Among other projects, she starred as a girl whose husband has been chosen for her in the Peranakan stage play Bedrooms from late November to mid-December 2009 and other stage performances including "Love Pukes".

Francis took time off from acting apparently to focus more on her first two children. In 2004, however, she founded the performing arts institution Trinaqi and later coestablished Soul Theory Studios, a hip-hop academy and movement, with her husband Sheikh Haikel.

She has also produced a handful of projects and events with the National Arts Council and People's Association including Dick Lee's Euranasia Concert.

Francis has hosted many high-profile events such as the 2007 National Day Parade and the 2010 Youth Olympic Games. With her husband, she hosted Knockout, Knockout All-Stars and Knockout Carnival, all of which were broadcast on Okto.
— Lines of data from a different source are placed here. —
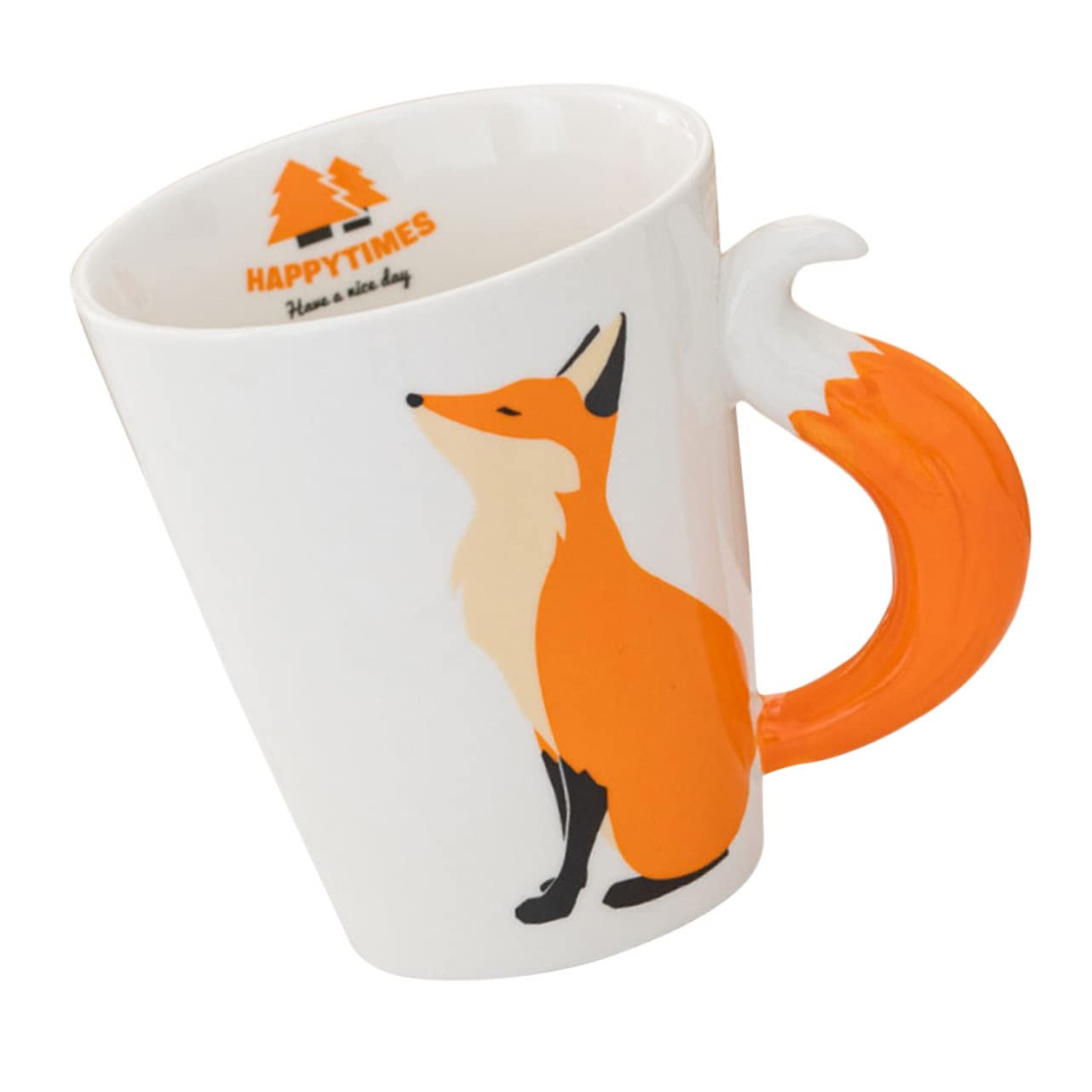 INOOMP Dekorative Keramiktasse 360ml aus Keramik für Kaffee und Tee | Oranges, Schlichtes Design mit Schönen Linien, Standfest und Leicht zu Reinigen, für Zuhause oder Büro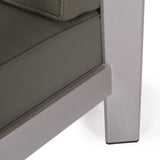 Aviara Outdoor 4-Seater Aluminum Chat Set with Tempered Glass-Topped Coffee Table by Christopher Knight Home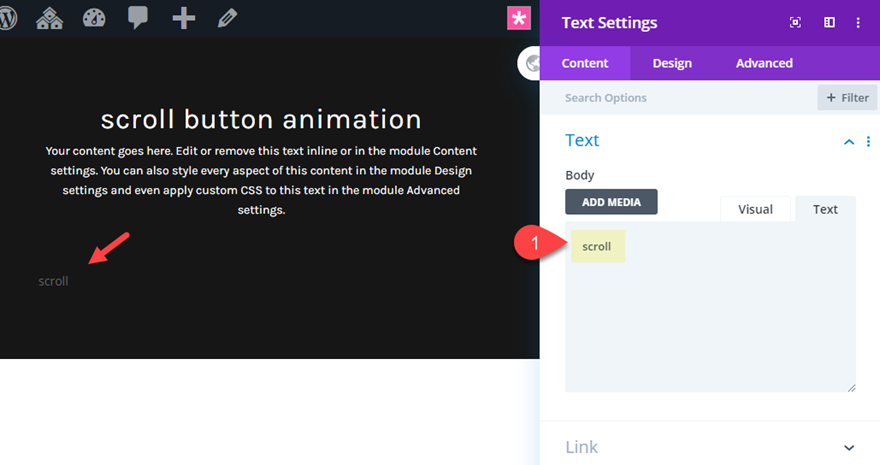 divi animasyonlu kaydırma düğmesi tasarımları
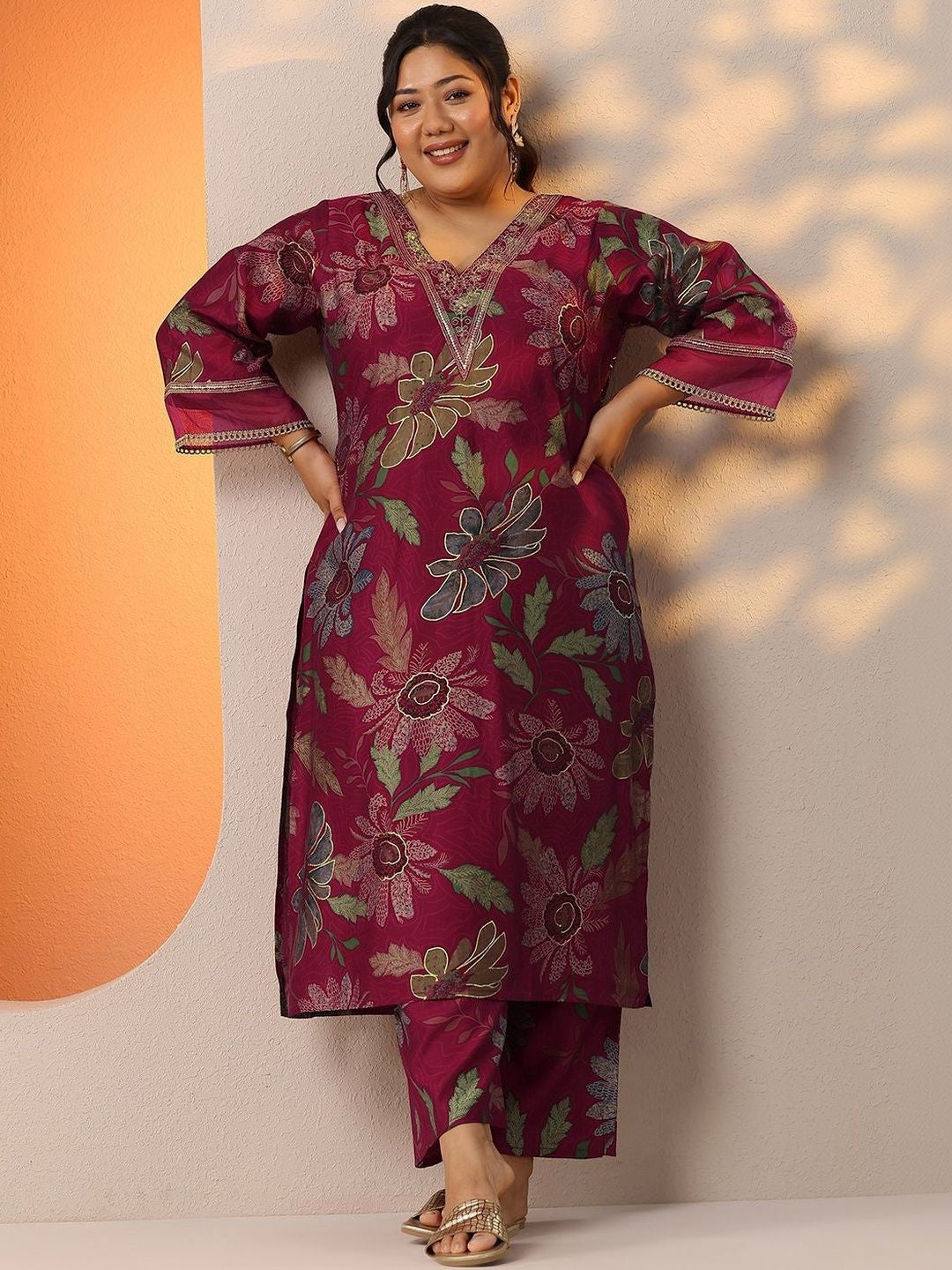 Plus Size Floral Printed Regular Thread Work Kurta with Palazzos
She is co-director of the School of Music Singapore, which was founded in 2013, alongside her husband. As a professional singer, Francis has recorded numerous tracks, plenty of which are duets with her husband.

==Personal life==
Francis married Singaporean rapper, radio personality and actor Sheikh Haikel in around 2000. They have three children – one daughter Triqka (born 2004) and one son Abbra (born 2006) and just recently, a new addition to their family, Juz (born 2014).